The Azure SQL Database service includes tools and resources to help you troubleshoot and fix potential performance problems. You can identify opportunities to improve and optimize query performance without changing resources by reviewing performance tuning recommendations.

Missing indexes and poorly optimized queries are common reasons for poor database performance. You can apply tuning recommendations to improve the performance of the workload. You can also let Azure SQL Database automatically optimize performance of the queries by applying all identified recommendations. Then verify that the recommendations improved database performance.

Note

Indexing is available in single database and elastic pools only. Indexing isn't available in a managed instance.

Choose from the following options to monitor and troubleshoot database performance:

  • In the Azure portal, select SQL databases and select the database. In the Monitoring chart, look for resources approaching their maximum utilization. DTU consumption is shown by default. Select Edit to change the time range and values shown.
  • Tools such as SQL Server Management Studio provide many useful reports, like Performance Dashboard. Use these reports to monitor resource usage and identify top resource-consuming queries. You can use Query Store to identify queries whose performance has regressed.
  • In the Azure portal, use Query Performance Insight to identify the queries that use the most resources. This feature is available in single database and elastic pools only.
  • Use SQL Database Advisor to view recommendations to help you create and drop indexes, parameterize queries, and fix schema problems. This feature is available in single database and elastic pools only.
  • Use Azure SQL Intelligent Insights to automatically monitor database performance. When a performance problem is detected, a diagnostic log is generated. The log provides details and a root cause analysis (RCA) of the problem. A performance-improvement recommendation is provided when possible.
  • Enable automatic tuning to let Azure SQL Database automatically fix performance problems.
  • Use dynamic management views (DMVs), extended events, and Query Store for help with more detailed troubleshooting of performance problems.

Tip

After you identify a performance problem, check out our performance guidance to find techniques to improve the performance of Azure SQL Database.
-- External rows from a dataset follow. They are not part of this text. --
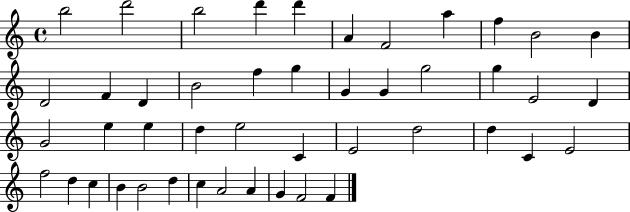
{
  \clef treble
  \time 4/4
  \defaultTimeSignature
  \key c \major
  b''2 d'''2 | b''2 d'''4 d'''4 | a'4 f'2 a''4 | f''4 b'2 b'4 | \break d'2 f'4 d'4 | b'2 f''4 g''4 | g'4 g'4 g''2 | g''4 e'2 d'4 | \break g'2 e''4 e''4 | d''4 e''2 c'4 | e'2 d''2 | d''4 c'4 e'2 | \break f''2 d''4 c''4 | b'4 b'2 d''4 | c''4 a'2 a'4 | g'4 f'2 f'4 | \break \bar "|."
}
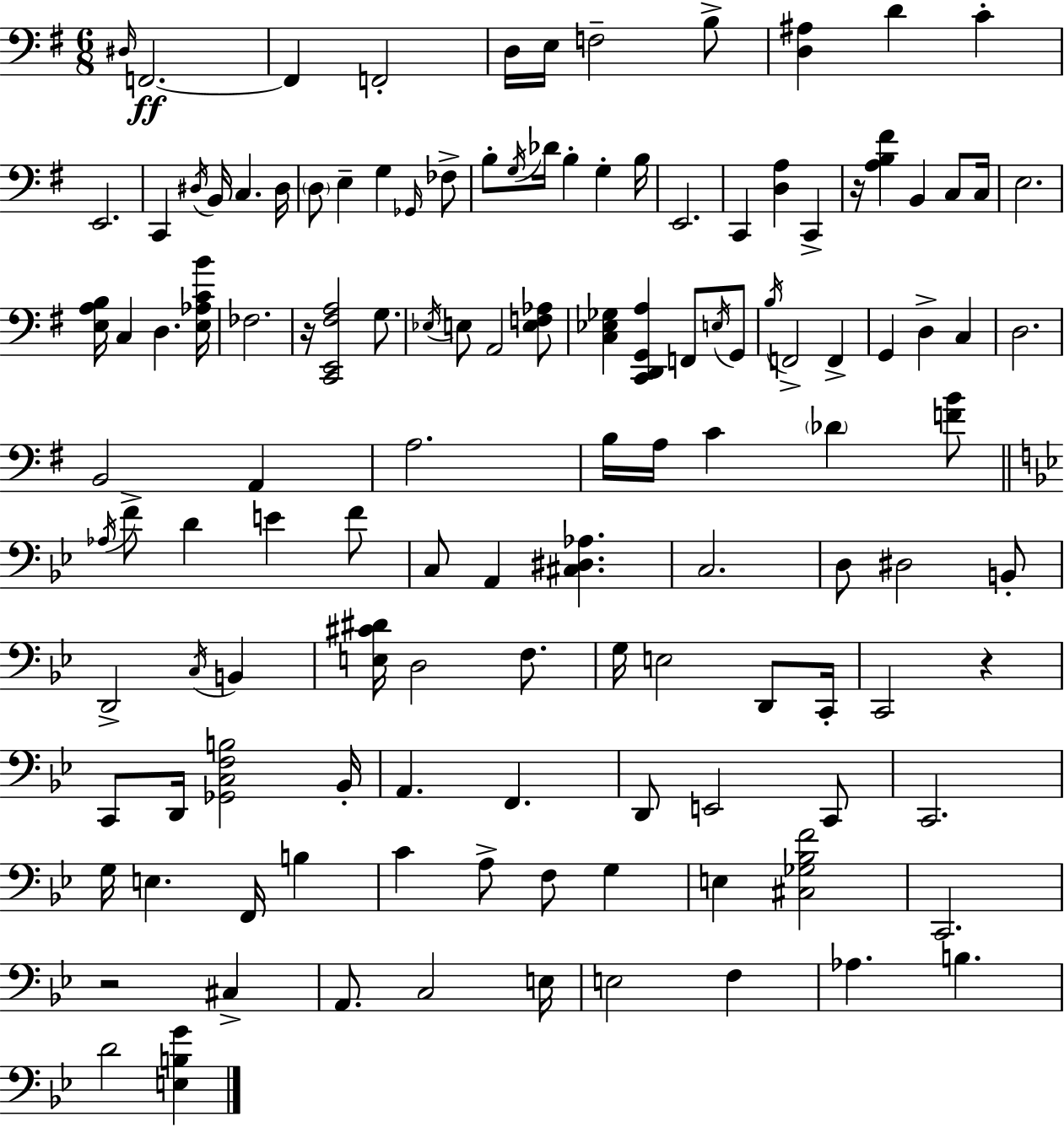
X:1
T:Untitled
M:6/8
L:1/4
K:G
^D,/4 F,,2 F,, F,,2 D,/4 E,/4 F,2 B,/2 [D,^A,] D C E,,2 C,, ^D,/4 B,,/4 C, ^D,/4 D,/2 E, G, _G,,/4 _F,/2 B,/2 G,/4 _D/4 B, G, B,/4 E,,2 C,, [D,A,] C,, z/4 [A,B,^F] B,, C,/2 C,/4 E,2 [E,A,B,]/4 C, D, [E,_A,CB]/4 _F,2 z/4 [C,,E,,^F,A,]2 G,/2 _E,/4 E,/2 A,,2 [E,F,_A,]/2 [C,_E,_G,] [C,,D,,G,,A,] F,,/2 E,/4 G,,/2 B,/4 F,,2 F,, G,, D, C, D,2 B,,2 A,, A,2 B,/4 A,/4 C _D [FB]/2 _A,/4 F/2 D E F/2 C,/2 A,, [^C,^D,_A,] C,2 D,/2 ^D,2 B,,/2 D,,2 C,/4 B,, [E,^C^D]/4 D,2 F,/2 G,/4 E,2 D,,/2 C,,/4 C,,2 z C,,/2 D,,/4 [_G,,C,F,B,]2 _B,,/4 A,, F,, D,,/2 E,,2 C,,/2 C,,2 G,/4 E, F,,/4 B, C A,/2 F,/2 G, E, [^C,_G,_B,F]2 C,,2 z2 ^C, A,,/2 C,2 E,/4 E,2 F, _A, B, D2 [E,B,G]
Troubleshoot performance problems

To diagnose and resolve performance problems, begin by finding out the state of each active query and the conditions that cause performance problems relevant to each workload state. To improve Azure SQL Database performance, you need to understand that each active query request from the application is in either a running state or a waiting state. As you troubleshoot a performance problem in Azure SQL Database, keep the following diagram in mind.

Workload states

A performance problem in a workload can be caused by CPU contention (a running-related condition) or individual queries that are waiting on something (a waiting-related condition).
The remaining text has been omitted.